The website CaliforniaCityNews.org is reporting that Larry Kosmont, whose firm does consulting with redevelopment agencies, has come up with the hair brain idea to create “Green Redevelopment Agencies” that would pursue the Holy Grail of an economically viable model of environmental sustainability. Such "green redevelopment agencies" would pursue the goals of AB 32 - the Global Warming Solutions Act" - and the anti-sprawl legislation AB 375.
Probably the most troubling part of creating any green redevelopment agencies, however, would be the idea of using eminent domain power to accomplish “green redevelopment.” Where would this lead? Would they eventually condemn housing in the suburbs to force you to live in "transit-oriented housing" in the cities? Could a green redevelopment agency condemn your lawn and force you to plant drought tolerant plants? Or under AB 375 would they be able to condemn a whole neighborhood as “environmentally nonsustainable?” While this sounds like an overreaction at the moment, the whole concept of using redevelopment powers (e.g., eminent domain, tax increment financing, etc.) for green projects is Constitutionally troublesome.

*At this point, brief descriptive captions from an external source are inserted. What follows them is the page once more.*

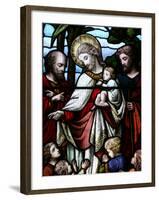 Stained Glass Window Depicting Jesus Welcoming Children, Billingshurst, Sussex-Godong-Framed Photographic Print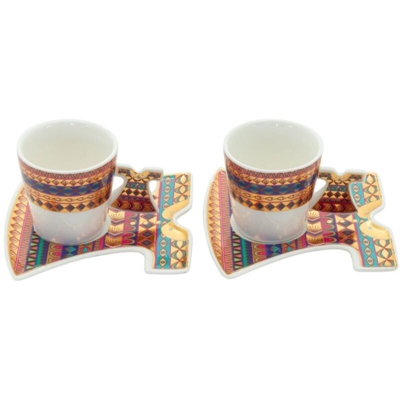 Casa Collection - Confezione 6 Tazzine da Caffe' con Piattino Arabian New Bone China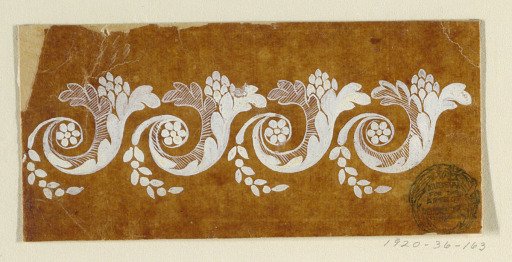 Design for an Embroidered or Woven Horizontal Border of the "Fabrique de St. Ruf"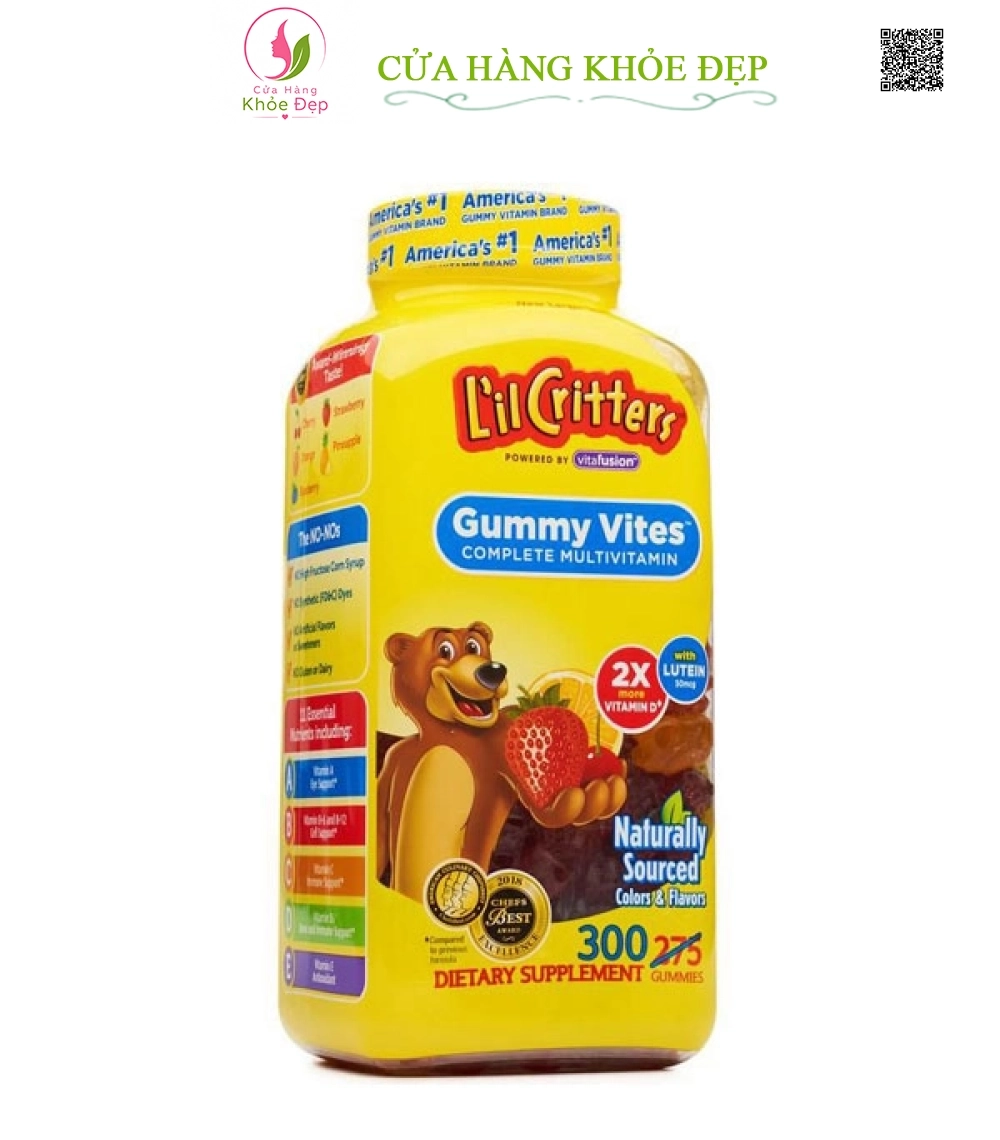 Kẹo Dẻo Lil Critters Gummy Vites - Bổ Sung Vitamin Tổng Hợp Cho Trẻ Biếng Ăn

Right now thousands and thousands of new condos and apartments remain unsold and unrented in green “transit oriented housing villages” mainly in California coastal cities. This inventory of vacant new housing is a drain on municipal budgets and municipal water departments. Would “green redevelopment” powers be used by local government to condemn this housing for, say, “affordable transit oriented housing?”
This all sounds far fetched and paranoid at the moment, but the notion of “green redevelopment” would expand the powers of government takings and the definition of what is considered in “the public interest” to new near Orwellian levels.
Conventional redevelopment
agencies are all but defunct in the current depressed and overbuilt real estate
market. It is likely that the concept of "green" redevelopment
agencies is an attempt to revive redevelopment agencies and jobs using the new green legislation of AB 32 and AB 375. The notion of Green Redevelopment Agencies is likely an attempt at bureaucracies to "sustain" themselves where their historical mission has collapsed. Consulting firms that advise redevelopment agencies are the ones initially floating this idea of "Green Redevelopment," also possibly in an attempt at "sustainability" of their jobs. But who knows where such a notion might end up in California where legislators want to tax private parking spaces in shopping centers to plug the gargantuan state deficit?
For more read here http://www.californiacitynews.org/
In a related issue, the Los Angeles DWP has just announced that it has dropped the 85-mile long Green Path Transmission Line project across desert wilderness preserves due to fierce environmental opposition. Developing environmentally sustainable green power resulted in a spoiling the natural environment.